Directions for this task:
Write the data out again exactly, with no pictures.

Stored records
────
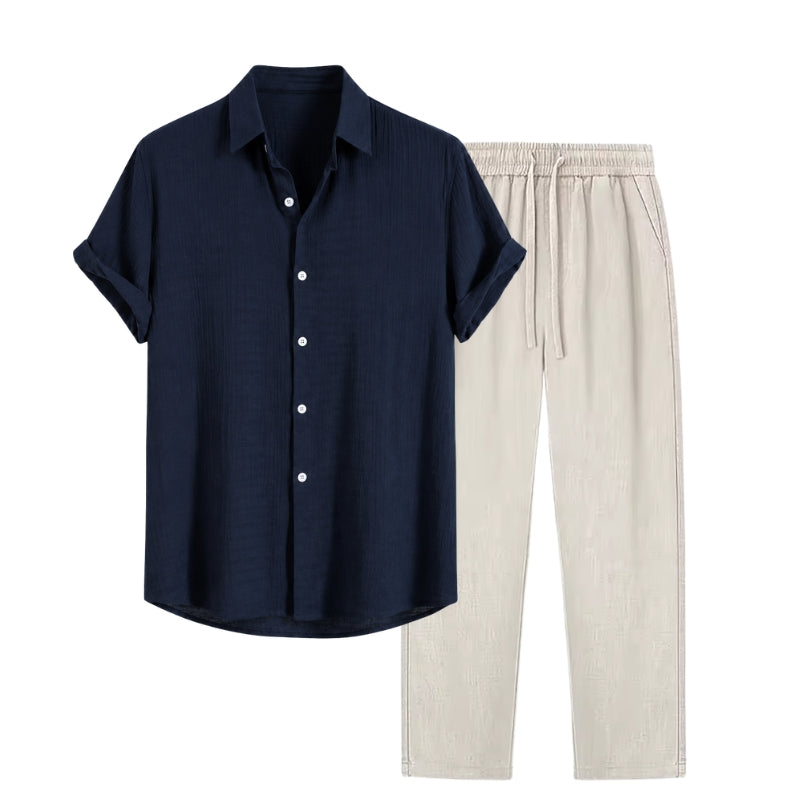 Navy shirt and beige pants on a white background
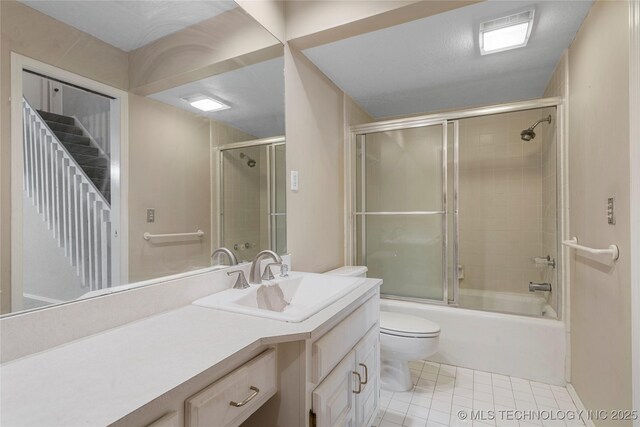 6505 S Oswego Ave, Tulsa, OK 74136 - bathroom featuring toilet, vanity, tile patterned flooring, and bath / shower combo with glass door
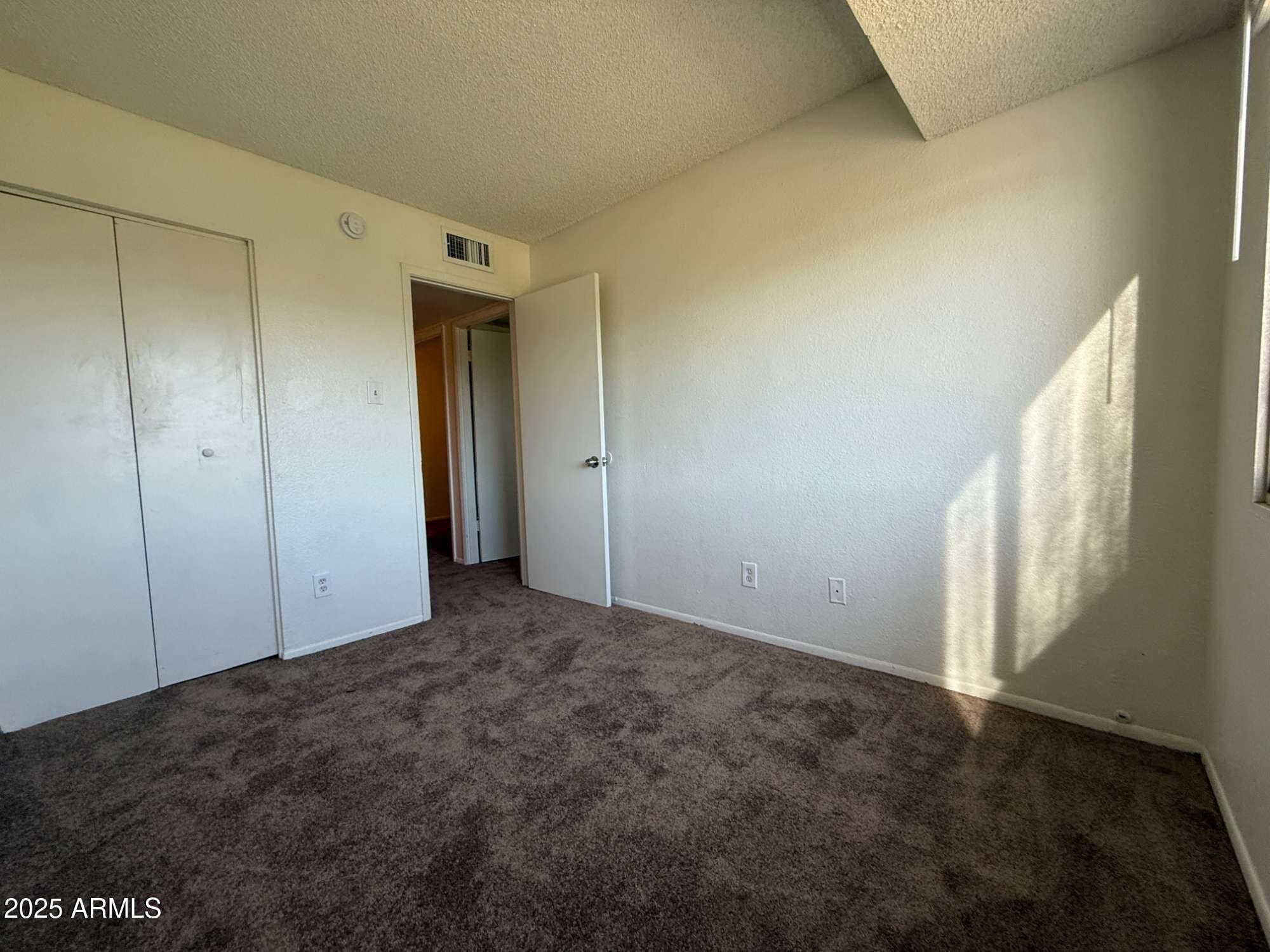 3947 West Wonderview Road Phoenix, AZ 85019 - Photo 15 of 16 a view of an empty room and window
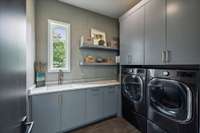 Main laundry on the first floor includes two dry away racks and marble countertops.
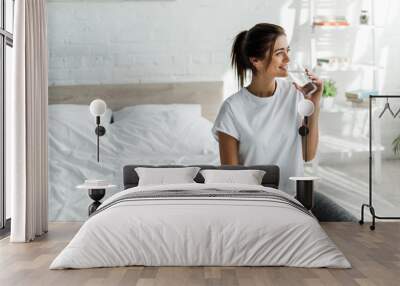 beautiful happy girl holding drinking water from glass in the morning Wall mural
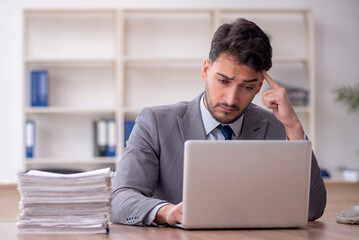 Young male employee and too much work in the office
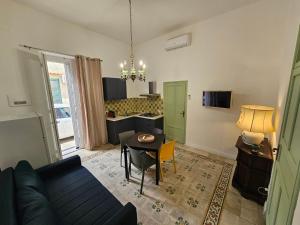 a living room with a couch and a table at Lu Màri case vacanze in Balestrate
────
Answer section:
 Navy shirt and beige pants on a white background
 6505 S Oswego Ave, Tulsa, OK 74136 - bathroom featuring toilet, vanity, tile patterned flooring, and bath / shower combo with glass door
 3947 West Wonderview Road Phoenix, AZ 85019 - Photo 15 of 16 a view of an empty room and window
 Main laundry on the first floor includes two dry away racks and marble countertops.
 beautiful happy girl holding drinking water from glass in the morning Wall mural
 Young male employee and too much work in the office
 a living room with a couch and a table at Lu Màri case vacanze in Balestrate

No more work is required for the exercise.